*WHAT IS NEEDED*
When duplicating the records beneath this instruction, omit every picture and keep all else exact.

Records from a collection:

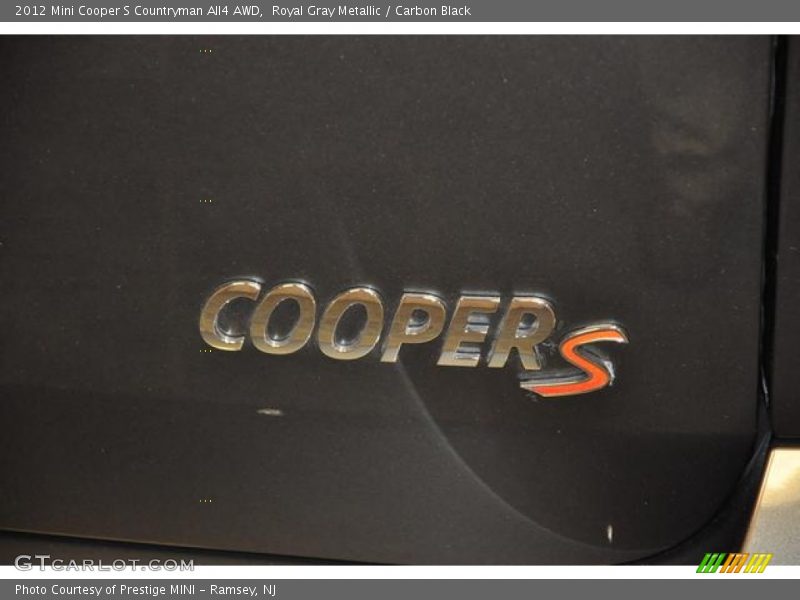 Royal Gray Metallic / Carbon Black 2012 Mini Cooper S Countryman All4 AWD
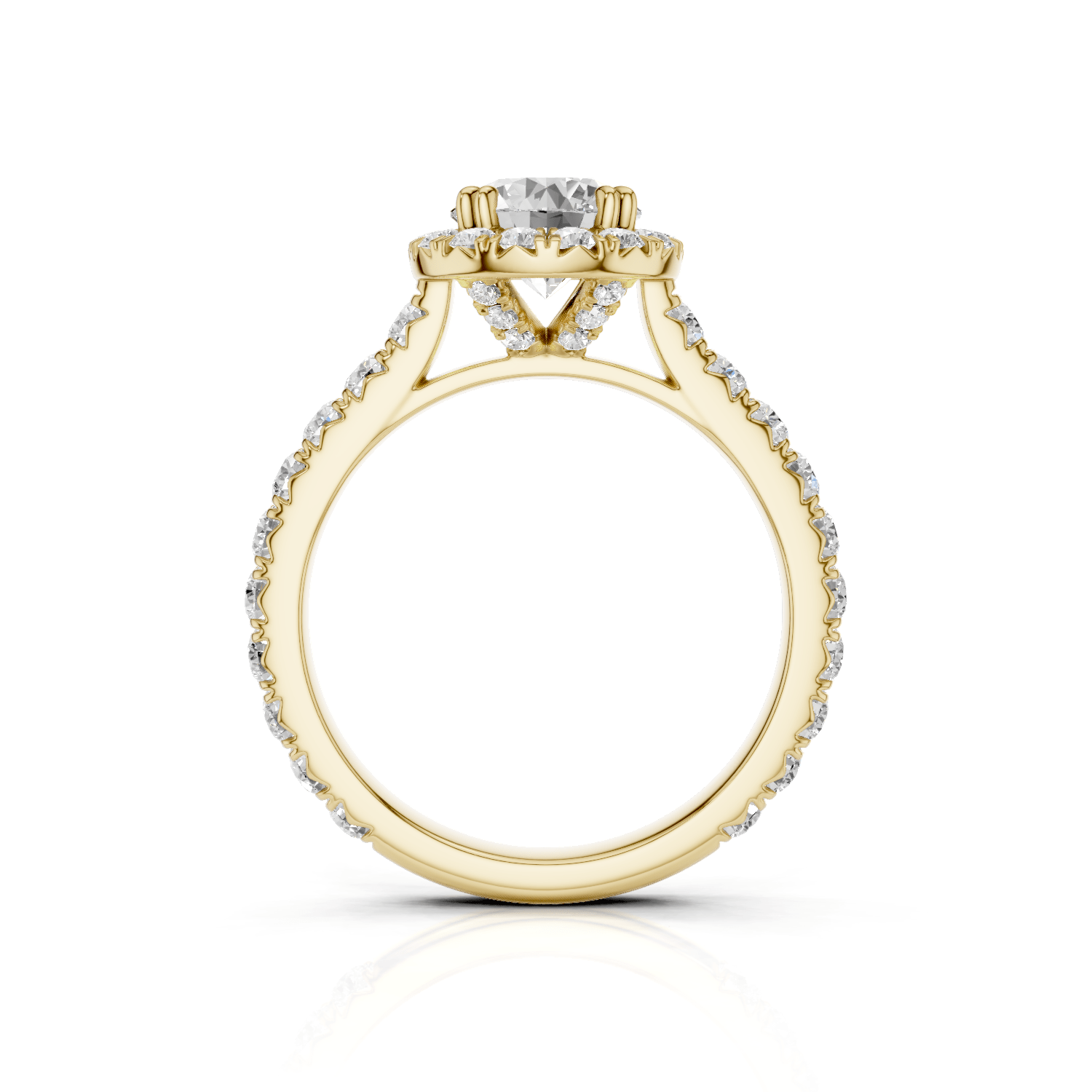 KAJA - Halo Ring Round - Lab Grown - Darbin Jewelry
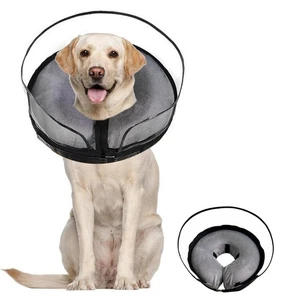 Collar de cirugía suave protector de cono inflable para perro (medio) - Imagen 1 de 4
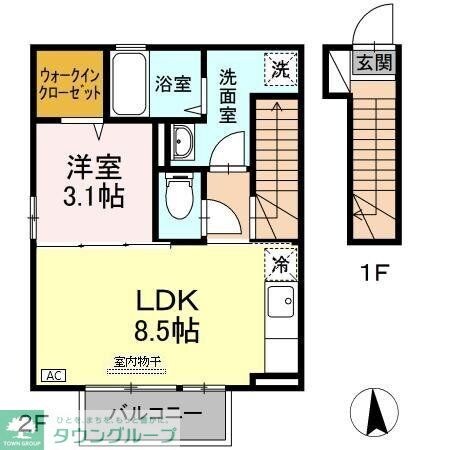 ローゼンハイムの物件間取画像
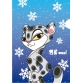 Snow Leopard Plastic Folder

*SOLUTION FOR THIS TASK*
 Royal Gray Metallic / Carbon Black 2012 Mini Cooper S Countryman All4 AWD
 KAJA - Halo Ring Round - Lab Grown - Darbin Jewelry
 Collar de cirugía suave protector de cono inflable para perro (medio) - Imagen 1 de 4
 ローゼンハイムの物件間取画像
 Snow Leopard Plastic Folder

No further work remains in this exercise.